The report considers the outcomes of those involved with the theatre company Clean Break, the arts charity Only Connect and the education support charity Unitas, based on the idea that involvement in the arts reduces reoffending. It takes into account economic benefit to the individual (i.e. from potential future earnings following obtaining qualifications) and to the state (i.e. money saved through not being spent on charging and imprisoning offenders and raised through income tax on participants' future earnings). To sum up a complex and sensitively-produced 50-page study in one sentence, arts charities working in the criminal justice sector are a good investment.
This is good news for these organisations and others like them in terms of increasing the likelihood of securing future funding, but the very existence of this report throws up a number of uncomfortable questions about the way that the value of the arts is measured in our society.
Anyone involved in the business of making theatre or indeed anyone with a passion for it, will attest to its value. I love theatre and believe it should be funded from the public purse because of its unique potential to open people's eyes to different worlds of experience and ways of thinking. Coming together to share stories is fundamental to our nature as human beings and crucial in terms of empathy and communication between individuals and groups. Theatre is also frequently beautiful, moving and funny – a past time with the ability to bring happiness through escapism.
The trouble is that is it extremely difficult, if not impossible, to measure these ephemeral effects, and in the current financial climate, when resources are limited and the state is having to choose where to make the cuts it deems necessary for the continued health of the nation (like many people, I'm not persuaded by the logic of the government's deficit reduction plan – now however, is not the moment to open that particular can of worms), theatre-makers are left with no choice but to attempt to justify what they do using the language of economics.
Since the government's comprehensive spending review was published in October 2010, in which it was announced that Arts Council England would face 30% cuts, and following the news this spring of exactly where the axe would fall over the coming years, many theatre-makers and commentators have come out in defence of this art form, using economic arguments to attempt to persuade policy-makers and the public that theatre is worthwhile. From the VAT that the West End raises for the Treasury through ticket sales, to the money that tourists attracted to London for its theatre spend at hotels, shops and restaurants while they're here, it's all totted up and the conclusion is reached that theatre should be funded because it's a money-maker (or, in the case of the arts and criminal justice, as demonstrated by the report I began this post with, a money-saver).
While I can understand why these arguments are made, I can't help but feel that this line of thinking is misguided and ultimately damaging to theatre.
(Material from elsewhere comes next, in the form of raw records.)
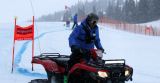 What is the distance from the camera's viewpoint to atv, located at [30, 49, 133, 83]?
27.9ft

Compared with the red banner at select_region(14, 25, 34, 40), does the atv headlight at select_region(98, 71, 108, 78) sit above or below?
below

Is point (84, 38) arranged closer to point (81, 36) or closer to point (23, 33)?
point (81, 36)

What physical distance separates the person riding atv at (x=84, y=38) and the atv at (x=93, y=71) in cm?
21

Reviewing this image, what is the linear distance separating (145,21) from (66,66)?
117901 mm

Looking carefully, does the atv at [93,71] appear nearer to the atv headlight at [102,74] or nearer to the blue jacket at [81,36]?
the atv headlight at [102,74]

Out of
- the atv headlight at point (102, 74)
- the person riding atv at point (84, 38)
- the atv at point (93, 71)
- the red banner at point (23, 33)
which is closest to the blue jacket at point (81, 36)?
the person riding atv at point (84, 38)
By engaging with the Treasury's rhetoric, we are helping to push discussion of theatre's intrinsic value to the sidelines, and when someone then argues persuasively that another industry – pharmaceuticals say, or arms – is a better investment, we are left with no more cards to play.
is the alternative? Is there one? Many would argue that if artists
are going to take advantage of public subsidy they have to play by
the rules dictated by those responsible for dishing out the cash. But if we
want the debate to be less reductive in its terms, theatre-makers –
and theatre lovers – need to better articulate to policy-makers (it seems pretty unlikely that the government is going to change its modus operandi all by itself) why
theatre is inherently valuable.
It won't be an easy task by any means, but if subsidised theatre is to maintain its creative integrity, I don't see what other option we have.